1. Use the best brains you know (including yours).
Start by asking your mentor’s opinion. Then ask your rigger’s opinion. Then ask your hero’s opinion. Ask the very smartest people you know to make their recommendations before you start the conversation with dealers and factory reps (who are, naturally, highly persuasive folk). There’s a labyrinth of pricey options to consider. Expert advice will help you navigate it without losing your shirt on poshity-posh back pads and tie-dye.
You’ll have to be very honest with yourself about your skill level, your height and weight, the discipline you’ll spend the most time practicing, your annual jump numbers and your (realistic) total budget.
Spoiler: this is not the fun part.
2. Be a brand snob.
Y’know those skydiving gear brands that buy front-fold real estate in all the parachuting association magazines? The ones that always seem to have a pop-up and a smiling face at the major boogies? The ones that place their logos like the tap of a knighting sword on the fine shoulders of the world-champion teams?
Those are the brands you want.
This might feel a little like selling out to snazzy marketing. It’s not. If you play your cards right, you’ll have plenty of time in your career to experiment with fringe gear; for now, you need what a top-of-the-food-chain manufacturer brings to the table, namely:
1. Well-tested components, created in a well-established factory, and the attendant safety track record.
2. Equipment that’s familiar to any given rigger, thus easier to fix -- with parts that aren’t hard to replace
Later on, you’ll have the requisite knowledge and experience to branch into buying specialty equipment, experimenting with less-tested technology and trying out the offerings of lesser-known manufacturers.
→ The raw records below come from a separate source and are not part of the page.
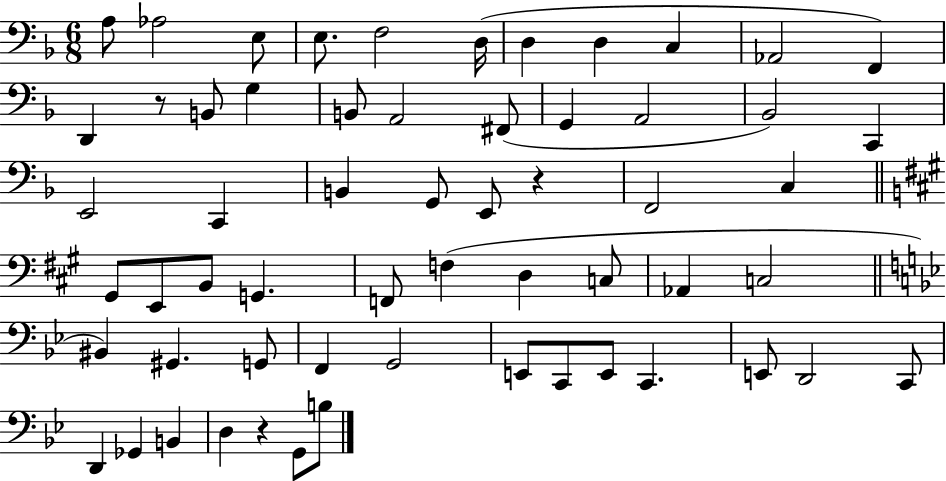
X:1
T:Untitled
M:6/8
L:1/4
K:F
A,/2 _A,2 E,/2 E,/2 F,2 D,/4 D, D, C, _A,,2 F,, D,, z/2 B,,/2 G, B,,/2 A,,2 ^F,,/2 G,, A,,2 _B,,2 C,, E,,2 C,, B,, G,,/2 E,,/2 z F,,2 C, ^G,,/2 E,,/2 B,,/2 G,, F,,/2 F, D, C,/2 _A,, C,2 ^B,, ^G,, G,,/2 F,, G,,2 E,,/2 C,,/2 E,,/2 C,, E,,/2 D,,2 C,,/2 D,, _G,, B,, D, z G,,/2 B,/2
At this point, however, you don’t know what you don’t know – and that can be dangerous. It can also be very, very expensive.
3. Try before you cry.
Another benefit of buying from a major manufacturer: the ubiquitous demo.
The cardinal rule in airsports gear-buying is a simple one: never buy it until you’ve tried it.
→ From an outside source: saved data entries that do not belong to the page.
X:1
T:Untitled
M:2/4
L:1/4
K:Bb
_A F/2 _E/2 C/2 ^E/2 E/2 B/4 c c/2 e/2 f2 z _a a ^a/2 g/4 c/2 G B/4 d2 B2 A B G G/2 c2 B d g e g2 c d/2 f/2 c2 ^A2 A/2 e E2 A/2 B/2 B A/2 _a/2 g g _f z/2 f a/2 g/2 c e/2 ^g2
Another note: you’ll certainly see demos on-hand at any major skydiving boogie, but do yourself a favor and evaluate gear outside the frantic context of crowded airspace. (When you’re not constantly chasing a hangover. Yes. You. I know this.)
4. Blend it.
*Everything* doesn’t have to be new, you know. In fact, it’s a really good idea to save money by blending new components with old, if you do it intelligently.
If -- after weighing the value benefits -- you decide to go all-in, try to buy everything together for a package discount. Shop the large gear shops to compare their (often attractive) package offerings. Since they’re all assembling their deals from the same major-manufacturer components, you can feel perfectly confident purchasing the one with the lowest price.
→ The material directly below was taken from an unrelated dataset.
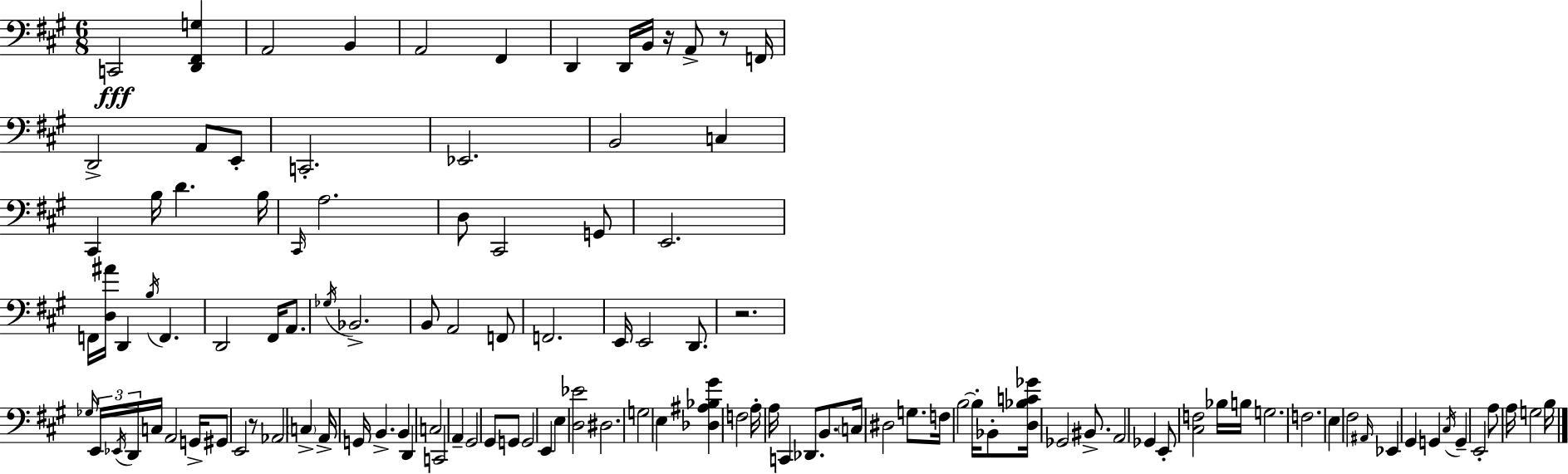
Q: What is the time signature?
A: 6/8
5. Repeat after me: dolla dolla bill, y’awl.
Cash, if you can scrounge it together, is going to net you the best price. It’ll give you the best position to negotiate around taxes and shipping fees, and might just let you wiggle out from under the credit card charge that most dealers fold into to their baseline pricing.
6. Slow your roll.
Take your time as a buyer on the market -- it pays off. After a couple of seasons, you’ll start to pick up the rhythm of yearly and seasonal sales. Go to as many boogies as you can, browsing the gear and sniffing out event discounts. (Don’t forget to stay for the raffle! Major gear giveaways land in lucky laps.) Get to know your local dealers, who might cotton to you and let you know when there’s a price shift on the horizon.
Soon enough, all that waiting will pay off -- and you’ll be swaggering to the plane in a shiny new kit that just screams “I will cry like a tiny child if I don’t stand up this landing.”
7. Buy a stiff-bristled Brush of Shame.
Just do it.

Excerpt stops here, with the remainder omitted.